Authors: Billstein, Charlotte et al.
Pediatric Anesthesia, first published October 23 2025.
DOI: 10.1111/pan.70066
This prospective, randomized pilot study investigated whether maintaining lung-protective ventilation (LPV) during aortic cross-clamping on cardiopulmonary bypass (CPB) in pediatric cardiac surgery influences postoperative lung function compared with apnea or continuous positive airway pressure (CPAP). The study aimed to address concerns that arresting ventilation during CPB may promote atelectasis, lung injury, or inflammatory responses.
Children were randomized into three intraoperative ventilation strategies: apnea, CPAP (5 mbar), or LPV (pressure-controlled ventilation with individualized driving pressure at 20% of pre-cross-clamp inspiratory pressure, PEEP 5 mbar, and age-adjusted respiratory rate). Electrical impedance tomography assessed ventilation distribution pre- and post-operatively, and inflammatory biomarkers were analyzed.
Across all groups, driving pressure rose slightly and dynamic compliance decreased after surgery, consistent with mild postoperative pulmonary changes. The number of ventilated lung regions and the center of ventilation both shifted during mechanical ventilation but normalized after surgery. Importantly, these physiologic measures and inflammatory markers did not differ among the three strategies. LPV was technically feasible and well tolerated.

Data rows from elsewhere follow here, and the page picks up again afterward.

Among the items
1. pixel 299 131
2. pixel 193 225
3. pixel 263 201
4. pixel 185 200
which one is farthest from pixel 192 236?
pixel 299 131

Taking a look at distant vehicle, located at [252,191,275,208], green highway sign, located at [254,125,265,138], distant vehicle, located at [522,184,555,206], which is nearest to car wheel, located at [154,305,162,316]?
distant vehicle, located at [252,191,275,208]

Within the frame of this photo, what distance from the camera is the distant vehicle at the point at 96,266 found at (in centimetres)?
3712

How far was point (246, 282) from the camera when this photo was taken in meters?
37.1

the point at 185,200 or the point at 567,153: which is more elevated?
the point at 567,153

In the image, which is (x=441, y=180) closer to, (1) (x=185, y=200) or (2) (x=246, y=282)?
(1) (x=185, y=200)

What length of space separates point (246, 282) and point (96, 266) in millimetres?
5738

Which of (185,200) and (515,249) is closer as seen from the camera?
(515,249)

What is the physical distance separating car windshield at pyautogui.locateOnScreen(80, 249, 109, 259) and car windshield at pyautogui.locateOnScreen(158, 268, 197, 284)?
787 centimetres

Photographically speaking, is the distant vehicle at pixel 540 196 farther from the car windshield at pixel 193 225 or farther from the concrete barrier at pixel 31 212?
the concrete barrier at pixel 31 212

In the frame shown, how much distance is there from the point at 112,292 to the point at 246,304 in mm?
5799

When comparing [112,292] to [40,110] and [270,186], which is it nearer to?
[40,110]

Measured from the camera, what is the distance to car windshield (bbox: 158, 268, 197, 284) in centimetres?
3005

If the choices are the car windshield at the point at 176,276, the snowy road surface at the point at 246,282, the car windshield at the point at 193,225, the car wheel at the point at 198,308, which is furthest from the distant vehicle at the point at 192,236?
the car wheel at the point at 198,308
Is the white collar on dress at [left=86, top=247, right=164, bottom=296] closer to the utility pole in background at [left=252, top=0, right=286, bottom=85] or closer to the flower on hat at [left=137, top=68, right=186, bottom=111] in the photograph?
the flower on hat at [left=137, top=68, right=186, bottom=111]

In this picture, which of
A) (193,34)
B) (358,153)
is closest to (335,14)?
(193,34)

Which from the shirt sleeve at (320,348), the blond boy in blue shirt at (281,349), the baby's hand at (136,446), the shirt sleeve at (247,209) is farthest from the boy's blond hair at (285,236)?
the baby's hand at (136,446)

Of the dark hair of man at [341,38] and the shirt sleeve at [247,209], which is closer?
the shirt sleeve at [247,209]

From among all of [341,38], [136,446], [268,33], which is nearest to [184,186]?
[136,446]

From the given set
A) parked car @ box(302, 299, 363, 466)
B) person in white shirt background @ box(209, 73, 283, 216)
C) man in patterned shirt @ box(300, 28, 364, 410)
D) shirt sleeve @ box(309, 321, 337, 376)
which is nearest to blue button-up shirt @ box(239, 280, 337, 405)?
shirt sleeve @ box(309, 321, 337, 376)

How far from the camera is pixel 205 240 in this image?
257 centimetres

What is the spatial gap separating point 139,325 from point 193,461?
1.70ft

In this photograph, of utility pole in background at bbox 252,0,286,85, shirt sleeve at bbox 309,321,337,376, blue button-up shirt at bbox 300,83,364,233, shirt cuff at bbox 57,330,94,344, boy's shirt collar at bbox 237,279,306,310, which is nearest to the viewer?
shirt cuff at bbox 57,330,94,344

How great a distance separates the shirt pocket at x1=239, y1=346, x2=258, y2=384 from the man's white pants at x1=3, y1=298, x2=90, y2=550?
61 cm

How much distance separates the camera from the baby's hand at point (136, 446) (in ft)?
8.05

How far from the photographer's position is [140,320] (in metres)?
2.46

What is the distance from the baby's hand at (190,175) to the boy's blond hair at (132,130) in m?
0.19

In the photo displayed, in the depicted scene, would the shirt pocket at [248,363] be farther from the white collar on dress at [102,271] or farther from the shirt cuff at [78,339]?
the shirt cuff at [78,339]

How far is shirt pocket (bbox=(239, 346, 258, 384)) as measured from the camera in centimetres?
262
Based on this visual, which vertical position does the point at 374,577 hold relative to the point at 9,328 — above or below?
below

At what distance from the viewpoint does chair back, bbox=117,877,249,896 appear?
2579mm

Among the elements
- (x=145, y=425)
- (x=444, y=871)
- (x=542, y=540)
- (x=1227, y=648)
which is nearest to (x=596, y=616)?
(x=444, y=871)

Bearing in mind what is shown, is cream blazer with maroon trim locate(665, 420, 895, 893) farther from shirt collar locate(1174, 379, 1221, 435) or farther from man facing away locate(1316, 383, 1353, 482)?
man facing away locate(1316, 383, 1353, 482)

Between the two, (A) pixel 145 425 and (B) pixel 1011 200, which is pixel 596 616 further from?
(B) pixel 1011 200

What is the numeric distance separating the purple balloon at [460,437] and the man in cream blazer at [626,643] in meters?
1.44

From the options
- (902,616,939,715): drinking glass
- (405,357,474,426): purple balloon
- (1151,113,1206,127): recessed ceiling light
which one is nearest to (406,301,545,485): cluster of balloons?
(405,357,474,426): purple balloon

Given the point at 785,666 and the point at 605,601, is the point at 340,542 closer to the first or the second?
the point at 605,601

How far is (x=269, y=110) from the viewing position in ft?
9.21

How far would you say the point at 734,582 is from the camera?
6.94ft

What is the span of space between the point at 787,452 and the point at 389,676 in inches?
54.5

The authors conclude that under standardized recruitment maneuvers at the end of CPB, LPV, CPAP, and apnea produced comparable postoperative respiratory outcomes in pediatric cardiac surgery. Although LPV is feasible, its benefit over simpler approaches remains unproven in this small pilot study.
What You Should Know
• LPV, CPAP, and apnea yielded similar postoperative lung mechanics and ventilation distribution in children on CPB.
• Recruitment maneuvers after bypass likely minimized inter-group differences.
• LPV was safe and feasible but did not confer measurable physiologic advantage in this pilot setting.
• Larger studies are needed to clarify whether intra-CPB ventilation strategies can improve pediatric postoperative pulmonary recovery.